Nostradamus the Project Manager

So: is it ever okay to future proof? Is it ever okay to have design requirements for a current engineering problem to help out with the next engineering problem?  Here are three tests to apply - if any of them fail, don't future proof.

  • Do you for a fact that the future feature is actually needed by the business? If not, put your head down and code what needs to be done today.
  • Do you know exactly how you would solve the future feature efficiently with today's code?  If not, back away slowly.
  • Would the total engineering cost of both features be, in sum, smaller if you do some future proofing now?  If not, there's no win here.
Bear in mind, even if you pass all of these three tests, future proofing might still be a dumb idea. If you are going to grow the scope of the feature at all by future proofing, you had best check with your team about whether this makes sense. Maybe time is critical or there's a hard ship date. Keep it tight and don't slip schedule.

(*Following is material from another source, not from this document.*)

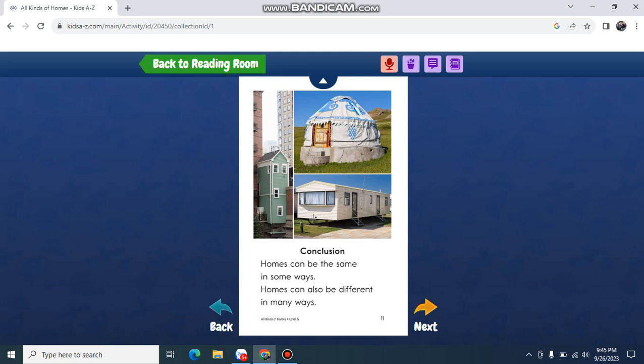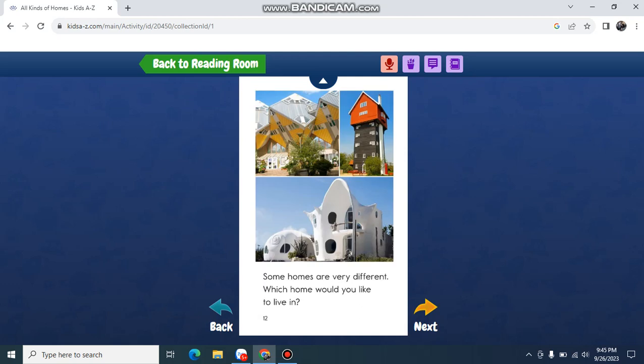Conclusion. Homes can be the same in some ways. Homes can also be different in many ways. Some homes are very different. Which home would you like to live in?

I find the three tests useful to cut off branches of exploration that aren't going to be useful. If my coworker is worrying that the design is too specific and can't stop playing "what if", these tests are good, because they help clarify how much we know about the future. If the answer is "not a ton", then waiting is the right choice.

And I think it's worth emphasizing why this works. When solving new coding problems, one of the ways we learn about the problem space and its requirements is by writing code. (We can do other things like create prototypes and simulations, test data, etc. but writing code absolutely is a valid way to understand a problem.)

The act of writing feature A doesn't just ship feature A - it's the R&D process by which you learn enough to write feature B. So fusing A & B's design may not be possible because you have to code A to learn about B. These questions hilight when features have this kind of "learning" data dependency.

Sometimes Ya Are Gonna Need It

With that in mind, we do sometimes future proof code in X-Plane. This almost always happens when we are designing an entire subsystem, we know its complete feature set for the market, but there is an advantage to shipping a subset of the features first. When I wrote X-Plane's particle system, we predicted (correctly) that people want to use the effects on scenery and aircraft, but we shipped aircraft first with a design that wouldn't need rewrites to work with scenery.

Given how strong the business case is for scenery effects, and given that we basically already know how this code would be implemented on its own (almost exactly the same as the aircraft code, but over here), it's very cheap to craft the aircraft code with this in mind.

But it requires a lot of really solid information about the future to make this win.